A couple of years ago I had a pretty serious accident that trashed my bike. Insurance covered the acquisition of a new bike but I’d kept all the useful parts off the old bike and just needed a new frame and set of handlebars to get it back on the road again.
I was recently put on to a website advertising moderately cheap Chinese carbon frames and thought, about time to try something. www.velobuild.com was the site I was put onto and the favored steed was the R-002.
I made a simple mistake during the order process. As you can see on the left, you can select a handlebar size and a stem size, but these mean nothing unless you also select their matching item with the price lower down the form – not good form design!
The carton arrived to my billing address instead of the chosen shipping address. This caused a bit of fun as it’s a bit hard to make it down to the local post office near my house during business hours. I left work early and sprinted homewards on my bike and made it to the post office just before they closed. The post mistress looked at me strangely when she realised which parcel I was here for…the large one with a bike frame in it…and I’m on a bike! Fortunately the box is light and I cut a hand hold into the side of the carton and ride home with it under my arm.
Opening the carton and unwrapping the contents I notice that the handlebars I thought I ordered (as per above) are definitely not in the box…nor is the head stem…the wrapping is pretty comprehensive though and the carton arrived in good condition. The tracking from the original EMS was a bit different to Australia Post.

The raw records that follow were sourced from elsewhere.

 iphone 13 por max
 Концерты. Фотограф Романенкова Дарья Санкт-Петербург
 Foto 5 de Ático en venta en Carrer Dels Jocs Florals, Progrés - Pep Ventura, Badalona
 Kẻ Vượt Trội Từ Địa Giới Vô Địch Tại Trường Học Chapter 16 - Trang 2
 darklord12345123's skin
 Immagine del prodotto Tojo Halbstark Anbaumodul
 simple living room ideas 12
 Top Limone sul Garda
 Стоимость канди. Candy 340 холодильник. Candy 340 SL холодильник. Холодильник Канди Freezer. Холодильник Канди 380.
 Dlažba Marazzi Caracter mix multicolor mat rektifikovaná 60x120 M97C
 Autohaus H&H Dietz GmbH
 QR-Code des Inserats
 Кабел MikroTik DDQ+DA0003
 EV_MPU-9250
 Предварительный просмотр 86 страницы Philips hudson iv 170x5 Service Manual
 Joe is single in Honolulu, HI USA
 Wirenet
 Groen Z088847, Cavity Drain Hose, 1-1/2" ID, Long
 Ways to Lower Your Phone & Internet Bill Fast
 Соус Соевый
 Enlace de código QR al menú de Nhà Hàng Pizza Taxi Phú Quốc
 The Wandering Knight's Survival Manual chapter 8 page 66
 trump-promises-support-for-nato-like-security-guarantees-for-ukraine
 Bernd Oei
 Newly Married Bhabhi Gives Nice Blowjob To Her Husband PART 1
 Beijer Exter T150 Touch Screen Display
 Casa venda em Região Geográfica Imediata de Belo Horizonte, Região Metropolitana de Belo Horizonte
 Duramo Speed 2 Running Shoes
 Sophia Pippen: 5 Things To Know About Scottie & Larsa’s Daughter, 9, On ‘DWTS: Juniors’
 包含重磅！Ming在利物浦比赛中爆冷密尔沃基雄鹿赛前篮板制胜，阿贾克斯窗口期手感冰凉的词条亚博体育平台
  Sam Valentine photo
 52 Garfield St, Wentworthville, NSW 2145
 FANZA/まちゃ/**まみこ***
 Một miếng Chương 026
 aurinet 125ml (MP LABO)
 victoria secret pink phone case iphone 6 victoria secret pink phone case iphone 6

They send you to a Chinese site which fortunately has an English version that requires the tracking number and then a verification thing which is not quite obvious until you put your cursor into the verification box which then reveals a Captcha-like set of digits to enter to prove you’re a human – though once the package arrives in Australia (or as they put it, the COMMENWEALTH (sic) OF AUSTRALIA) you can simply put the tracking number they send you into the AusPost tracking system.
The frame looks nice and the 3k weave with matt finish was chosen for its understated appearance and also that a paint job can hide a myriad of sins. Looking over the frame shows very few flaws. The internal cable routing looks good and there appears (by feel) that they’ve tubed these up to assist with cable threading (I’ll let you know once I run these if it helped or not).
Nothing is labelled. If you’ve never worked on a bike, stripped one down and rebuilt it, done major maintenance – this is probably not for you. If you don’t know how a headset goes together, you get a bag of parts and need to be able to figure out which piece goes where and with what. There are no instructions. If you do get stuck – I can recommend viewing Youtube to patch up your knowledge gaps.
I weighed all the components independently. 58cm frame = 1130g. Forks=410g, seat post 220g, spacers and headset 120g. These numbers seem to be a little more than quoted on the website from memory but until I do some stress testing, I’m happy for the extra plastic.
Looking down the head tube I noticed a difference between the crisp clean finish of the Scott CR1 Pro head tube which is an intact cylinder with top tube and down tubes whereas the Zhongwei R-002 frame is a complex weave of carbon intersects around the head tube – it will be interesting to see how it feels, seems rigid enough now. Someone mentioned their surprise looking at my destroyed Scott at how clean the carbon joins were on the inside – maybe they expected it to look like the Zhongwei.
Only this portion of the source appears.